-->

Pengertian Psikologi Hukum

SUDUT HUKUM | Psikologi hukum merupakan bidang yang baru dalam kajian ilmu hukum. Letak psikologi hukum dalam kajian hukum yaitu ada dalam kajian empiris terhadap hukum. Pendekatan psikologi terhadap hukum dimaksudkan untuk mengkaji perilaku-perilaku masyarakat sebagai subjek hukum dalam melihat fenomena hukum yang ada.

Pendekatan psikologi hukum menekankan determinan-determinan manusia dalam hukum, termasuk dari perundang-undangan dan putusan hakim. Hal ini sama dengan kajian sosiologi hukum dan antropologi hukum, dimana semuanya termasuk kajian empiris. Hanya saja psikologi hukum fokus pendekatannya pada individu sebagai unit analisisnya. Individu dipandang bertanggung jawab terhadap perilakunya sendiri dan memberikan kontribusi terhadap timbulnya perilaku itu (Achmad Ali, 2008:9)

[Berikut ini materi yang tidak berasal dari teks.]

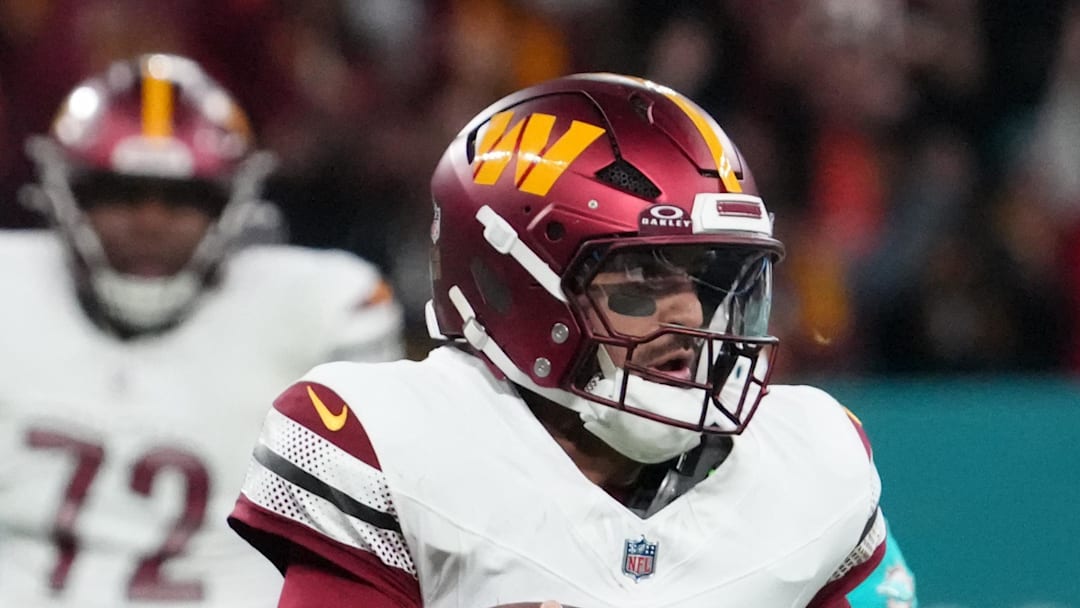 Washington Commanders quarterback Marcus Mariota carries the ball against the Miami Dolphins.
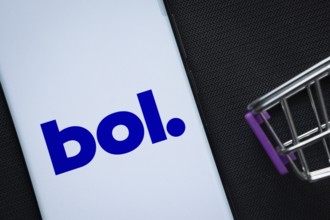 Dhaka, Bangladesh- 03 July 2025: A smartphone displaying the bol logo next to a miniature shopping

Psikologi hukum mengkaji dampak yang ditimbulkan oleh polisi, korban, hakim, pengacara, jaksa, terdakwa, dan sipir lembaga pemasyarakatan terhadap sistem hukum. Psikologi hukum berasumsi bahwa karakteristik dan partisipan sistem hukum ini mempengaruhi cara kerjannya sistem hukum. Di dalam karakteristik tersebut, tercangkup kemampuan dari orang-orang tersebut, perspektif mereka, nilai-nilai mereka, pengalaman mereka serta seluruh faktor yang mempengaruhi perilaku mereka. Contohnya, apakah seorang personel polisi akan memutuskan menangkap seorang pelanggar ketentuan lalu lintas atau membiarkanya pergi setelah diperingati?, Apakah seorang terdakwa dan pengacaranya menerima tawaran untuk mengaku bersalah dari jaksa penuntut umum untuk meringankan pidananya, atau mereka tetap mengaku tidak bersalah?, Apakah seorang hakim yang bersuku A akan lebih bersimpati terhadap terdakwa yang bersuku A? (Achmad Ali, 2008: 9-10).

Menurut Soerjono Soekarno (Achmad Ali, 1990: 188)
Psikologi hukum adalah studi hukum yang akan berusaha menyoroti hukum sebagai salah satu perwujudan dari gejala-gejala kejiwaan tertentu, dan juga landasan kejiwaan dari perilaku atau sikap tindak tersebut.”
Oleh karena itu, Soerjono Soekanto (Achmad Ali, 1990: 188189) menyimpulkan bahwa masalah-masalah yang ditujukan akan berkisar pada soal-soal berikut:
  1. Dasar-dasar kejiwaan dan fungsi pelanggaran terhadap kaedah hukum.
  2. Dasar-dasar kejiwaan dan fungsi pola-pola penyelesaian terhadap pelanggaran kaedah hukum.
  3. Akibat-akibat dan pola-pola penyelesaian sengketa tertentu.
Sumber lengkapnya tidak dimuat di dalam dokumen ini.